Required work - Retype exactly the lines from the one containing "揭秘甲亢治療方法，百度權(quán)威解答，讓你健康無(wú)憂！" through the last line of the records below, including both, and leave out any pictures.
-=-=-=-=-
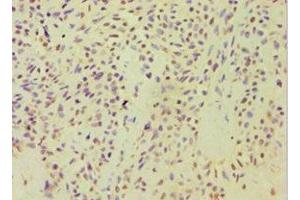 Immunohistochemistry of paraffin-embedded human breast cancer using ABIN7143446 at dilution of 1:100 (ARF3 抗体  (AA 1-181))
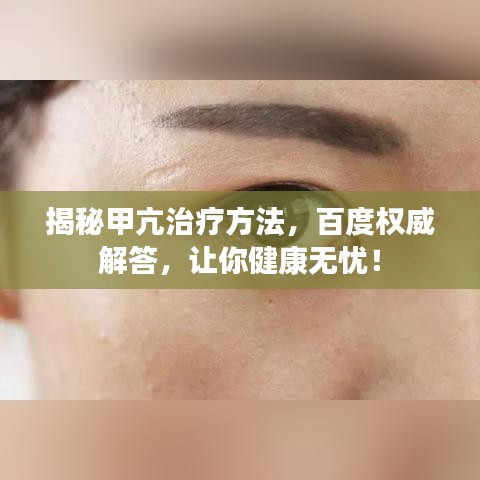 揭秘甲亢治療方法，百度權(quán)威解答，讓你健康無(wú)憂！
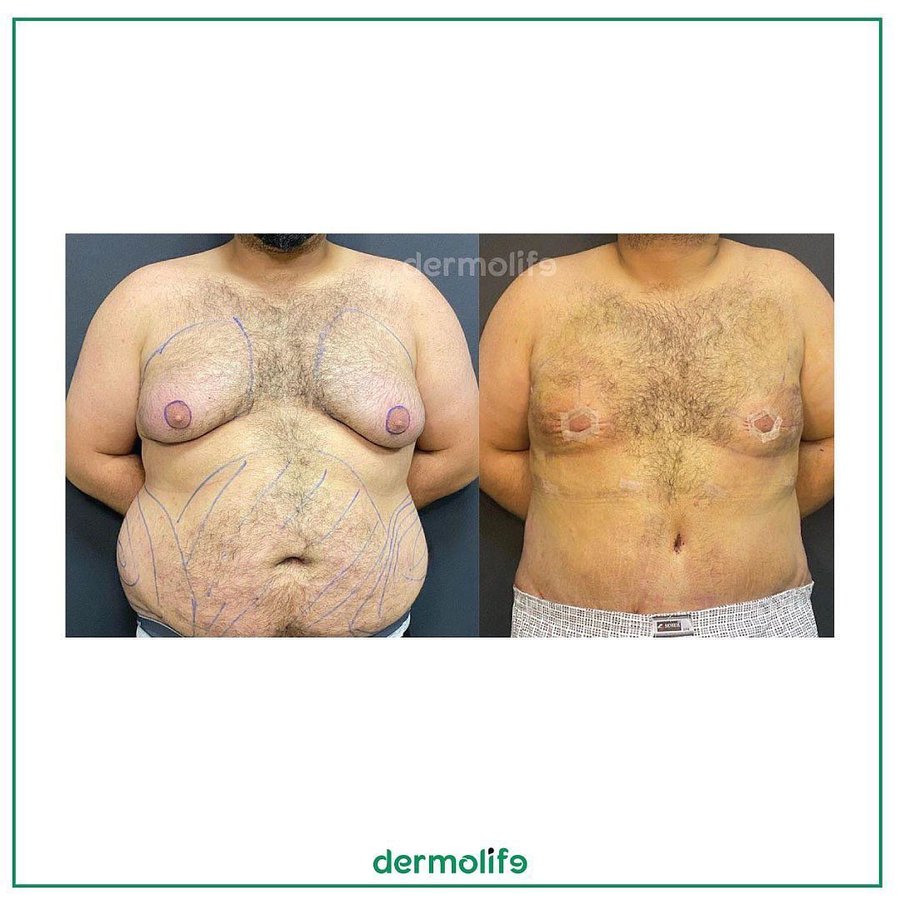 Dermolife - Dermolife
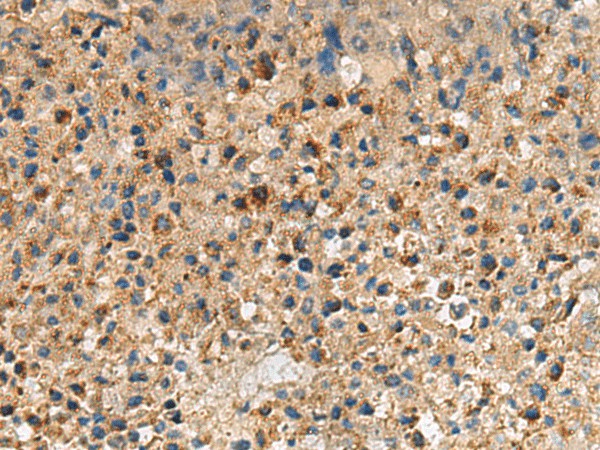 CXCR5 Polyclonal Antibody (E-AB-53249)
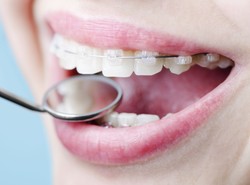 Aparaty ortodontyczne dla dorosłych – jak wybrać właściwy?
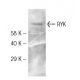 RYK Antibody (F35 P7 D7 F5) - Western Blotting - Image 131997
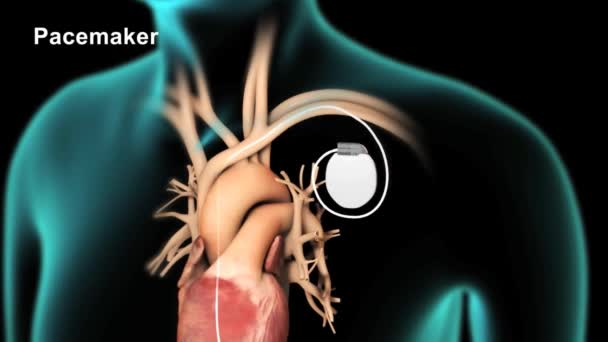 Marcapassos São Instalados Laboratórios Angio Cateter — Vídeo de Stock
-=-=-=-=-
Result below -
 揭秘甲亢治療方法，百度權(quán)威解答，讓你健康無(wú)憂！
 Dermolife - Dermolife
 CXCR5 Polyclonal Antibody (E-AB-53249)
 Aparaty ortodontyczne dla dorosłych – jak wybrać właściwy?
 RYK Antibody (F35 P7 D7 F5) - Western Blotting - Image 131997
 Marcapassos São Instalados Laboratórios Angio Cateter — Vídeo de Stock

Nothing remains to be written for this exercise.